Jadi, yang dimaksud dengan apa yang nampak dari padanya adalah wajah dan dua telapak tangan. Sebab kedua anggota tubuh inilah yang biasa nampak dari kalangan muslimah di hadapan Nabi Saw sedangkan beliau mendiamkannya. Kedua anggota tubuh ini pula yang nampak dalam ibadah-ibadah seperti haji dan shalat. Kedua anggota tubuh ini biasa terlihat di masa Rasulullah Saw, yaitu di masa masih turunnya ayat al-Qur’an (An-Nabhani, 1990 : 45). Di samping itu terdapat alasan lain yang menunjukkan bahwasanya seluruh tubuh wanita adalah aurat kecuali wajah dan dua telapak tangan karena sabda Rasulullah Saw kepada Asma’ binti Abu Bakar:
“Wahai Asma’ sesungguhnya seorang wanita itu apabila telah baligh (haidl) maka tidak boleh baginya menampakkan tubuhnya kecuali ini dan ini, seraya menunjukkan wajah dan telapak tangannya.” [HR. Abu Dawud].
Inilah dalil-dalil yang menunjukkan dengan jelas bahwasanya seluruh tubuh wanita itu adalah aurat, kecuali wajah dan dua telapak tangannya. Maka diwajibkan atas wanita untuk menutupi auratnya, yaitu menutupi seluruh tubuhnya kecuali wajah dan telapak tangannya.
b. Busana Muslimah Dalam Kehidupan Khusus
Adapun dengan apa seorang muslimah menutupi aurat tersebut, maka di sini syara’ tidak menentukan bentuk/model pakaian tertentu untuk menutupi aurat, akan tetapi membiarkan secara mutlak tanpa menentukannya dan cukup dengan mencantumkan lafadz dalam firman-Nya (Qs. an-Nuur [24]: 31) “wa laa yubdiina” (Dan janganlah mereka menampakkan) atau sabda Nabi Saw “lam yashluh an yura minha” (tidak boleh baginya menampakkan tubuhnya) [HR. Abu Dawud]. Jadi, pakaian yang menutupi seluruh auratnya kecuali wajah dan telapak tangan dianggap sudah menutupi, walau bagaimana pun bentuknya.

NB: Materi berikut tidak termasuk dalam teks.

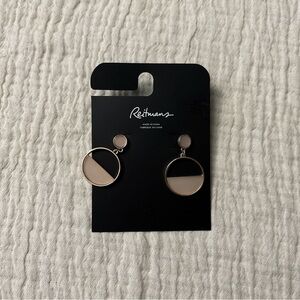 3 / $30 💘 Reitmans pink circle earrings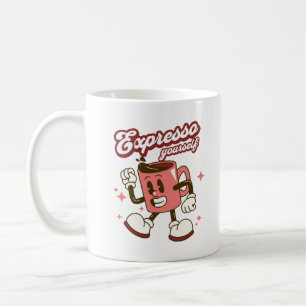 Expresso Jezelf Koffieliefhebber Grappige koffie Koffiemok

Dengan mengenakan daster atau kain yang panjang juga dapat menutupi, begitu pula celana panjang, rok, dan kaos juga dapat menutupinya. Sebab bentuk dan jenis pakaian tidak ditentukan oleh syara’.
Berdasarkan hal ini maka setiap bentuk dan jenis pakaian yang dapat menutupi aurat, yaitu yang tidak menampakkan aurat dianggap sebagai penutup bagi aurat secara syar’i, tanpa melihat lagi bentuk, jenis, maupun macamnya.
Namun demikian syara’ telah mensyaratkan dalam berpakaian agar pakaian yang dikenakan dapat menutupi kulit. Jadi pakaian harus dapat menutupi kulit sehingga warna kulitnya tidak diketahui. Jika tidak demikian, maka dianggap tidak menutupi aurat. Oleh karena itu apabila kain penutup itu tipis/transparan sehingga nampak warna kulitnya dan dapat diketahui apakah kulitnya berwarna merah atau coklat, maka kain penutup seperti ini tidak boleh dijadikan penutup aurat.
Mengenai dalil bahwasanya syara’ telah mewajibkan menutupi kulit sehingga tidak diketahui warnanya, adalah hadits yang diriwayatkan dari Aisyah r.a. bahwasanya Asma’ binti Abubakar telah masuk ke ruangan Nabi Saw dengan berpakaian tipis/transparan, lalu Rasulullah Saw berpaling seraya bersabda:
“Wahai Asma` sesungguhnya seorang wanita itu apabila telah baligh (haidl) tidak boleh baginya untuk menampakkan tubuhnya kecuali ini dan ini.” [HR. Abu Dawud].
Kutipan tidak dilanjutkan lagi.